Dive Brief:
- Hospital and health insurance groups held nothing back Thursday as a House Judiciary subcommittee heard their statements for and against two major mergers among four of the five largest health insurers in the US.
- The controversy involves how the proposed mergers of Aetna/Humana and Anthem/Cigna would impact competition in the health insurance industry.
- The Justice Department will decide whether the mergers would violate the Clayton Antitrust Act, in place to block mergers that might substantially lessen industry competition.
Dive Insight:
According to an artful summary of the hearing from The Business Journals, "Hospitals cried to Congress about consolidation in the healthcare insurance industry, and insurers complained about a wave of hospital mergers. Doctors, meanwhile, said they were being squeezed by both hospitals and insurers, and Republicans blamed the whole problem on Obamacare."

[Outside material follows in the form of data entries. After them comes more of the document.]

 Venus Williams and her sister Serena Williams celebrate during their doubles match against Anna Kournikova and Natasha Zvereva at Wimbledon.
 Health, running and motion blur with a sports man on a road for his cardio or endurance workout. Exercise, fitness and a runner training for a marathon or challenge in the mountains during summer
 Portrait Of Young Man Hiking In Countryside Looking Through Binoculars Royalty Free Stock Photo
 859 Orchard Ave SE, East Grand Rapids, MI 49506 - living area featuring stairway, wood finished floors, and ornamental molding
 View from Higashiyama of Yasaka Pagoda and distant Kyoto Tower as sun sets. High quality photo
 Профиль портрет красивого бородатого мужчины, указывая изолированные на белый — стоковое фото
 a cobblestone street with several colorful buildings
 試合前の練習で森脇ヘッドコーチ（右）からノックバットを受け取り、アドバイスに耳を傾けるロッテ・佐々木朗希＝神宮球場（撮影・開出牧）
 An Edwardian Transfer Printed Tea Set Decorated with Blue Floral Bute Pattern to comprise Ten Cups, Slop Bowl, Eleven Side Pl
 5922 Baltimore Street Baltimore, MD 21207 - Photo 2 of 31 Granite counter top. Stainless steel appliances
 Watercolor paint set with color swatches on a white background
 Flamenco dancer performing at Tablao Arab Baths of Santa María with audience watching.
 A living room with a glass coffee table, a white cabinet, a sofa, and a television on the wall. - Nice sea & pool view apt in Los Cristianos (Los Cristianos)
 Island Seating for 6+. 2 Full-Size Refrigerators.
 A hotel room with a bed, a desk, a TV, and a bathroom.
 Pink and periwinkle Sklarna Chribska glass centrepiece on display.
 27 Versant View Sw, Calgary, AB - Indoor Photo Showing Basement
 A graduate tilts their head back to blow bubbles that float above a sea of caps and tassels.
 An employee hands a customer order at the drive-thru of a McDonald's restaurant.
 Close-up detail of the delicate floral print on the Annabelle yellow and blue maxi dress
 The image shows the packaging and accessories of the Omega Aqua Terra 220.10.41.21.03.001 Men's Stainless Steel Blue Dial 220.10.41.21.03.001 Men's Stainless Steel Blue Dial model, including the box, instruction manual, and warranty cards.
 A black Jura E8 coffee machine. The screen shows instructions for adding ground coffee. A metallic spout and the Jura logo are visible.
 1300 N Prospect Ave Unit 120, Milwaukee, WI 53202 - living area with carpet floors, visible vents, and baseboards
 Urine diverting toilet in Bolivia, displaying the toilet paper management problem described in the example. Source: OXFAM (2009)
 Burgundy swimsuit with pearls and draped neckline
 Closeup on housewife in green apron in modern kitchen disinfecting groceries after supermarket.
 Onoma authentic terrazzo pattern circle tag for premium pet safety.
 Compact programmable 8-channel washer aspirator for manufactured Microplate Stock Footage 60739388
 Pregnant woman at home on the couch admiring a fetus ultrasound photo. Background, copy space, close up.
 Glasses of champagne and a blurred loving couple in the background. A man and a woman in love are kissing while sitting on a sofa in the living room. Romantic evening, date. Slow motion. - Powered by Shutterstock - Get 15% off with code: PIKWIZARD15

Officials from the American Hospital Association and the American Medical Association argued insurance mergers are primarily motivated by profit, while hospital and provider mergers are necessary for the provision of integrated care, improved efficiency, lower costs and to enable smaller hospitals and practices to access capital improvements such as EHRs.
Meanwhile, proponents of the mergers, including America’s Health Insurance Plans, say insurance company consolidation can also facilitate better service, efficiency and cost reduction. They add health plans and rates already have the safeguard of being highly regulated.
House members did not yet appear to have taken a position of support or opposition, reports The New York Times.